Со всеми этими нападками столкнулся Дунаевский и был вынужден их покорно выслушивать. В ярости, с какой РАПМ нападал на "лёгкую" музыку, в жанре которой работал Дунаевский, явственно различалось дикое желание крушить всё сплеча, полагая, что это и есть революция в развитии. В подтексте же было желание самоутвердиться за счёт свежей крови противника. На словах это называлось борьбой с мещанской музыкой, со стремлением увести композиторский труд на путь пролетарского реформаторства, коммунистического мелодизма и т. д.

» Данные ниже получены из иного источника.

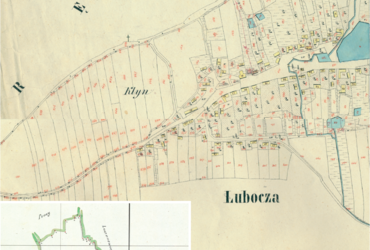 Mapa 73. Lubocza. Centrum Luboczy na mapie katastralnej sporządzonej dla gminy katastralnej Lubocza w 1850 roku oraz pochodzący z lat 1847–1848 plan sytuacyjny z wyrysowanymi granicami tej gminy i lokalizacją gmin sąsiadujących (Archiwum Narodowe w Krakowie, sygn. K. Krak. 321; sygn. WM 562, nlb.).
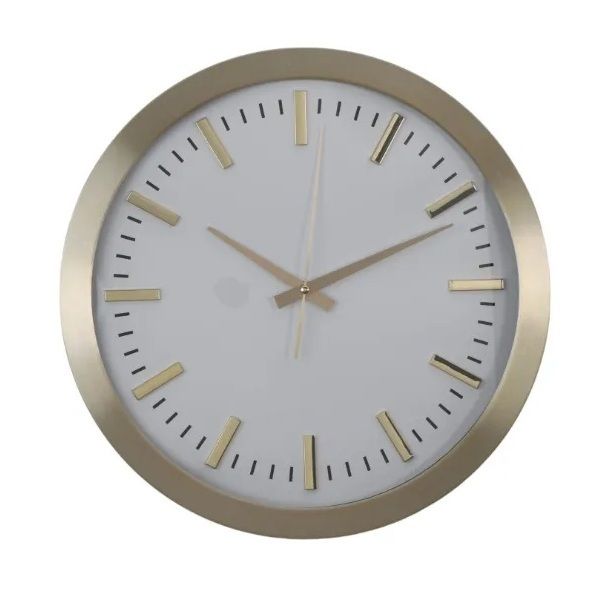 Analog Wall Clock Golden Round 15.75 in. (423-161207)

Молодой композитор тоже поддался риторике социализма. Дух обновления и перестройки был заразительным. Ему поддались едва ли не все гении — даже странный, потусторонний Андрей Белый. В разгар критики в свой адрес Дунаевский писал другу, балетмейстеру Касьяну Голейзовскому: "Нельзя пройти мимо того, что сейчас происходит: колоссальнейшая ломка, колоссальнейшая революция". Будучи от природы чувствительным к любой гармонии, какую бы систему она ни выражала, Дунаевский радостно уверился, что найдёт свою красоту вместе с новыми людьми. Можно понять, как относился Дунаевский к подобным лозунгам и рапмовской критике. "Я не терплю ханжества и лицемерия некоторых видных представителей, над искусством стоящих и его контролирующих, но я не могу не согласиться с ними, когда они требуют искусства для них, а не для нас. Они не отрицают красоты, они не могут её отрицать, но они видят её в другом. И надо посмотреть их глазами и творить их красоту, пока она не станет и нашей, пока мы в неё не поверим всем организмом своим".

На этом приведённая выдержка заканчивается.